Shame. Incredibly underwhelming first introduction.

22 frets?
No 7 strings? 
No multiscale?

Pass


----------



## Dyster (Dec 18, 2019)

lewis said:


> Shame. Incredibly underwhelming first introduction.
> 
> 22 frets?
> No 7 strings?
> ...



yeah gotta agree with you here


----------



## I play music (Dec 18, 2019)

lewis said:


> Shame. Incredibly underwhelming first introduction.
> 
> 22 frets?
> No 7 strings?
> ...


I prefer if they start simple, then add a string, then try multiscale ... over them doing everything at once without the quality being there. Just don't buy until they offer more or less what you want. Otherwise I would already own a fusion. But I don't. Because no 7 string. 
But 22 frets really is a weird choice, I also think that.


----------



## Dyster (Dec 18, 2019)

i dont like the fact that currently the only HB fanfrets in 7 and 8 seem to be the shitty 100-120 euro guitars


----------



## manu80 (Dec 18, 2019)

Had one in fan fret.
Made in vietnam iirc
Honestly for the price it was really really good
Nice fretwork, good finish, stayed in tune...humbucker were meh but that's the case on even more expensive guitars
Kept it two weeks bit didnt see the point of the fan fret for me but they’re definitely surprising in terms of quality/price


----------



## Dyster (Dec 18, 2019)

yea i snagged one of the telly 7 fanfrets in matte while they where still avaliable, really glad i didnt wait

i put fishmans in mine


----------



## diagrammatiks (Dec 18, 2019)

Randy said:


> Yeah, I recently sourced some for a build because literally none of my usual sources (Hipshot, Schaller) had anything in stock for months on end and I didn't see any reason throwing big money at some other guy building his stuff in the far East with no visible, tangible difference. Decent quality stuff.
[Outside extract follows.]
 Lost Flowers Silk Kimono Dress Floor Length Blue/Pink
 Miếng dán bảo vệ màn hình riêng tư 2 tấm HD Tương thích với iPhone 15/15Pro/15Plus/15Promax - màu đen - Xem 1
How much were the bridges individually?
The tengda stuff is like 35 bucks a piece. Even at oem pricing it seems iffy that their using the set for these. 

There's clone versions for like 15 bucks each.


----------



## Randy (Dec 18, 2019)

diagrammatiks said:


> How much were the bridges individually?
> The tengda stuff is like 35 bucks a piece. Even at oem pricing it seems iffy that their using the set for these.
> 
> There's clone versions for like 15 bucks each.



I bought the clones in the $15ish range. I forget what I was quoted on the "name brand" ones like Tengda since it was a while ago and I contacted so many, but it was always in the high $200s to $300 a set and unless it's made in US or Germany, I'm not paying anywhere close to that.


----------



## KnightBrolaire (Dec 18, 2019)

Randy said:


> I bought the clones in the $15ish range. I forget what I was quoted on the "name brand" ones like Tengda since it was a while ago and I contacted so many, but it was always in the high $200s to $300 a set and unless it's made in US or Germany, I'm not paying anywhere close to that.


last time I bought tengda I think it ran me like 150$ for an 8 string set. Quality is solid, but not close to hipshot or T4M level ime.


----------



## Randy (Dec 18, 2019)

KnightBrolaire said:


> last time I bought tengda I think it ran me like 150$ for an 8 string set. Quality is solid, but not close to hipshot or T4M level ime.



Found the email, I was quoted $240 from Tengda.


----------



## Wolfhorsky (Dec 19, 2019)

I bought tremolo with brass block for 120-ish (incl. shipping).


----------



## Jeff (Dec 19, 2019)

Boojakki said:


> You could pre-order those headless HB's now:
> 
> View attachment 75619
> View attachment 75620
> ...



That looks hilarious.


----------



## HeHasTheJazzHands (Dec 19, 2019)

I actually like those.


----------



## bassplayer8 (Dec 20, 2019)

The bevel top version kind of looks like a kiesel osiris. Also appreciate the extra wood on the neck cause its gonna make clipping on a tuner/capo much easier.


----------



## thesnowdog (Dec 20, 2019)

I might be weird but I don't believe being headless demands anything of the body size/weight.


----------



## xzacx (Dec 20, 2019)

thesnowdog said:


> I might be weird but I don't believe being headless demands anything of the body size/weight.


I guess it doesn’t have to, but I don’t think the people-that-want-headless-guitars-that-are-the-same-size-as-regular-guitars-but-don’t-have-headstocks market is very big.


----------



## spudmunkey (Dec 20, 2019)

I think it's bigger then you think.

Some still want the headless guitar to feel and look like a "traditional" guitar, but make no mistake: the body IS still smaller, and you still lose the whole length of the headstock. 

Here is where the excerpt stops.